A case for validating uniqueness

nathanl · February 10, 2017, 3:01pm

Ecto makes a point of checking uniqueness via database constraints, not via validations. The reasoning is that if we rely on a validation, we’re open to race conditions - two simultaneous requests claim the same username, for example, because each process asks the database “is this username taken?”, each gets the answer “no”, and each then inserts it.

Ecto.Changeset has built-in validations like validate_required and validate_format which can be checked without talking to the database. If all of those pass, we attempt the insert/update. If that triggers a constraint error and we’ve told the changeset to look for it (using unique_constraint(:username) or whatever), the error gets parsed into a friendly user message.

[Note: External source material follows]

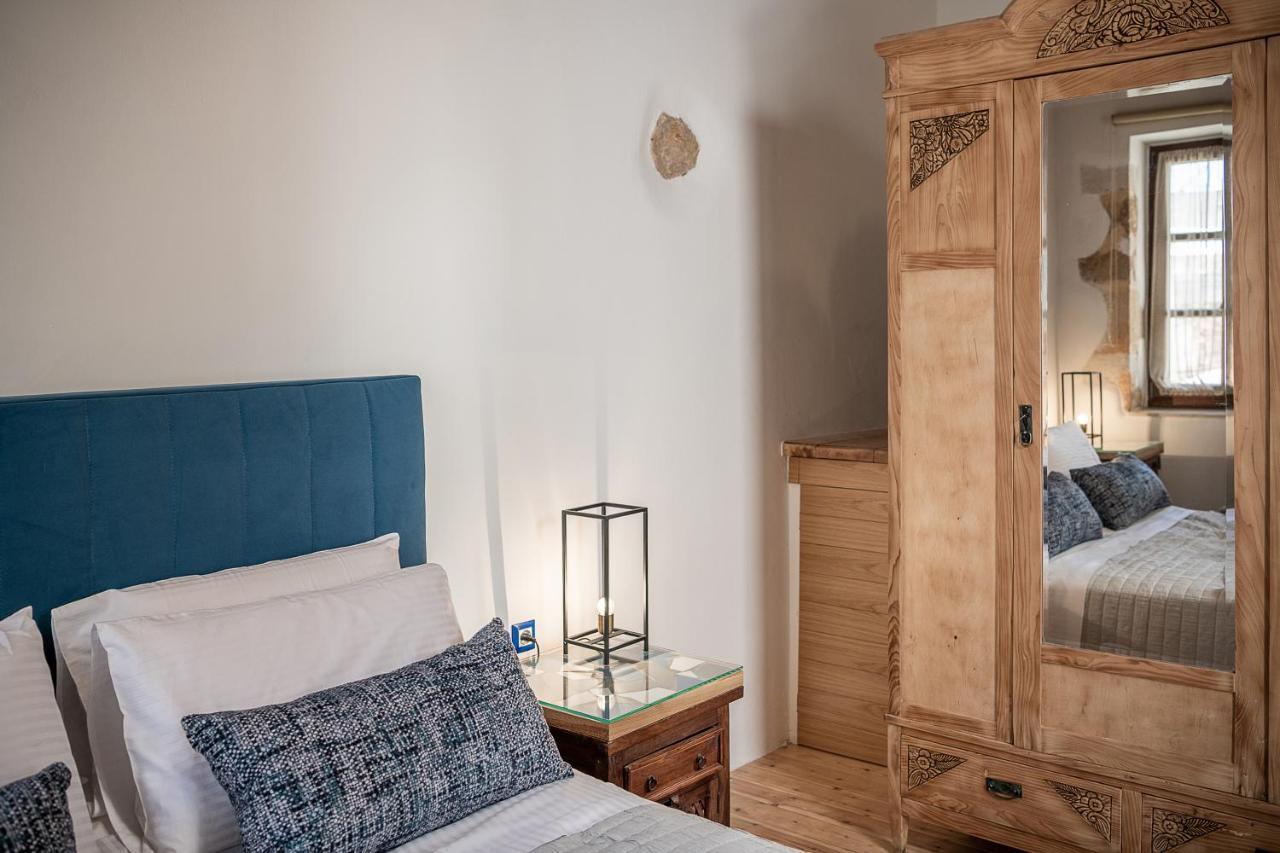Agazade Bey Apartment Chania  Ngoại thất bức ảnh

I get all this, and I’m glad that Ecto has great support for constraints, because it’s truly impossible for application code to guarantee uniqueness without using database constraints, table locks, serializable transactions, or some other database mechanism I don’t know about.

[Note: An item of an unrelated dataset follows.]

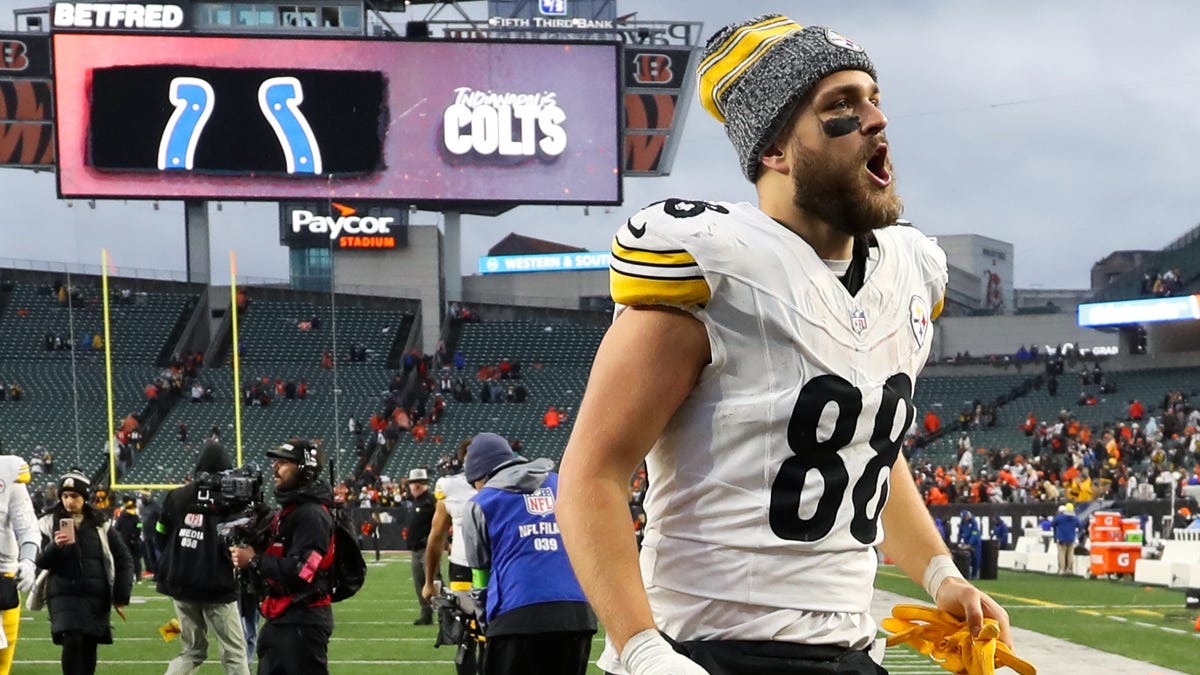 4 things we want to see from the Steelers after the bye week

However, I think we should also check for uniqueness (and other ‘conflicting data in the database’ situations) in validations. My reasoning is this:

If someone has taken the username I want, the odds are overwhelmingly large that a validation that queries for conflicting records would catch that. The other user almost certainly took that username 1 year ago, 1 day ago, or even 1 second ago. The only time the validation won’t catch it is if they took it (say) 1 millisecond ago, after my data was validated but before it was inserted. In other words, assuming they took it at some random time between when the application was created and now, the odds that that time was less than a millisecond ago are extremely small.
If I submit form data that would violate 3 validations and 2 constraints, I may have to submit it 3 times in a row to fix everything: the first time to fix the validations (when the constraints haven’t been checked yet), the second time to fix the first constraint error, and the third to fix the last constraint error. This is because while validations can tell us every problem they detect at once, databases (or at least PostgreSQL) only show the first constraint violation they detect; you have to fix that one and try the INSERT again to see the next constraint error. Making users submit a form where they’ve fixed all the error messages, only to present them with another round of error messages, is a bad user experience.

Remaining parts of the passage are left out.